Instructions to follow — Search the data below for the string "Gold". Extract every line that contains it.

Given entries —
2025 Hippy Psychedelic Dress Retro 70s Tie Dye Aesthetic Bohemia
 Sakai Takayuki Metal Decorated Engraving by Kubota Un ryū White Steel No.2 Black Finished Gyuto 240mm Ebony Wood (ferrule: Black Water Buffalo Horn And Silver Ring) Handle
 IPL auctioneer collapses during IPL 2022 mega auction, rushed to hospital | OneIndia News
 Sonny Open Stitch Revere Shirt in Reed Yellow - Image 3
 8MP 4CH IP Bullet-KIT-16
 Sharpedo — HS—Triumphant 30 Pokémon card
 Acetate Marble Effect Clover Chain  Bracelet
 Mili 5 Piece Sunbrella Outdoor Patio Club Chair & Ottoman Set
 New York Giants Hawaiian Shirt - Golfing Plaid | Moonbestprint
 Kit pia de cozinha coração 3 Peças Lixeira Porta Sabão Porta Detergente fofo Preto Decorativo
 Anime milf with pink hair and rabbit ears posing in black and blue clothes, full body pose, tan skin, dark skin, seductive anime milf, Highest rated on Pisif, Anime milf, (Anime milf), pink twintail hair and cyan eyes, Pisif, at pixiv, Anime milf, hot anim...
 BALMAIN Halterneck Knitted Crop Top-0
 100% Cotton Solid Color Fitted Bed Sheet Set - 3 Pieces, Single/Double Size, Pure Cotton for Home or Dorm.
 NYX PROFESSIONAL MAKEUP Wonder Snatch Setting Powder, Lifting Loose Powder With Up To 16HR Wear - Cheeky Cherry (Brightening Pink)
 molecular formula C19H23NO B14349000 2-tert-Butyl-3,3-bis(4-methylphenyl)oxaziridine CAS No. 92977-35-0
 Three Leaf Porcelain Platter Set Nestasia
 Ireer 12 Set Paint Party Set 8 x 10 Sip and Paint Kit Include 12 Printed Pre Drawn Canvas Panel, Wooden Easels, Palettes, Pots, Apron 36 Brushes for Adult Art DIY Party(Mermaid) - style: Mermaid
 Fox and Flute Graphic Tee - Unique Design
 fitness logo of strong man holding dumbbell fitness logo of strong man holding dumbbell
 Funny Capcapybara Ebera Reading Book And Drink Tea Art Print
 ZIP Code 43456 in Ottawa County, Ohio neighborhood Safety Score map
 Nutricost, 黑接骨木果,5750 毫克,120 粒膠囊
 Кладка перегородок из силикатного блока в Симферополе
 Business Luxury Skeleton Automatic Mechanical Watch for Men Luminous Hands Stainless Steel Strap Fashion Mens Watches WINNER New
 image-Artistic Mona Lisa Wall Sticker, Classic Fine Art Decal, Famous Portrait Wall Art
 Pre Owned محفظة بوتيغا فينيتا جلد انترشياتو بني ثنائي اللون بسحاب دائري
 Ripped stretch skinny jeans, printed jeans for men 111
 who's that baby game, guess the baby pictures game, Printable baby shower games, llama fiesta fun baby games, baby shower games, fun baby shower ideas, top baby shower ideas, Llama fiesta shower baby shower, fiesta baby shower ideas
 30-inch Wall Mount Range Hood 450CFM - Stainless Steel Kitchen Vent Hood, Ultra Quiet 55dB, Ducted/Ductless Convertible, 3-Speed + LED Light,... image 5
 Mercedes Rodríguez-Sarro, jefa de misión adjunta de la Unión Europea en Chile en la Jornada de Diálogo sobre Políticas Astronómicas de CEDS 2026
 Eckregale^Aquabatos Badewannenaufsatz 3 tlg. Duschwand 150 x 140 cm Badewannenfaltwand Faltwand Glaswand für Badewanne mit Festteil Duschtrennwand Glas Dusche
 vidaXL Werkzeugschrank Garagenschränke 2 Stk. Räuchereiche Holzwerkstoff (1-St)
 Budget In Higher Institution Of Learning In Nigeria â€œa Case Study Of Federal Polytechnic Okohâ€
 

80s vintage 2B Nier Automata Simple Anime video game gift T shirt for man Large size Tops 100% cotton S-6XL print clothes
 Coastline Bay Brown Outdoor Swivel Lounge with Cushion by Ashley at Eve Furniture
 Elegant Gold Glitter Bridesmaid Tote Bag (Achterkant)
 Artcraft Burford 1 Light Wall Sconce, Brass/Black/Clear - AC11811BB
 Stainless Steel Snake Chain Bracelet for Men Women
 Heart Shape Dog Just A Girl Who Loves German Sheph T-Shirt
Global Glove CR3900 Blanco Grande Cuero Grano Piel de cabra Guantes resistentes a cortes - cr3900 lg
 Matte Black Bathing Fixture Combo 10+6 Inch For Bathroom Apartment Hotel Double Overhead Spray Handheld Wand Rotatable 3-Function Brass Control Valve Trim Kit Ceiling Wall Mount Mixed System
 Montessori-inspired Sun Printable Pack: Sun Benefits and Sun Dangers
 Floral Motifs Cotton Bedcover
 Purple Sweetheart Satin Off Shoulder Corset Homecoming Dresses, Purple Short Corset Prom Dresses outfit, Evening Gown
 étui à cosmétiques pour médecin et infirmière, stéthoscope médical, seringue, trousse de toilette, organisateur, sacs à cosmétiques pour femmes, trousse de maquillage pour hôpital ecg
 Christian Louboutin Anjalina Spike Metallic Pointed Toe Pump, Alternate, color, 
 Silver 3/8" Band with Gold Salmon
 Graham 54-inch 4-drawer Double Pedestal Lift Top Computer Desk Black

Completed task —
 Elegant Gold Glitter Bridesmaid Tote Bag (Achterkant)
 Silver 3/8" Band with Gold Salmon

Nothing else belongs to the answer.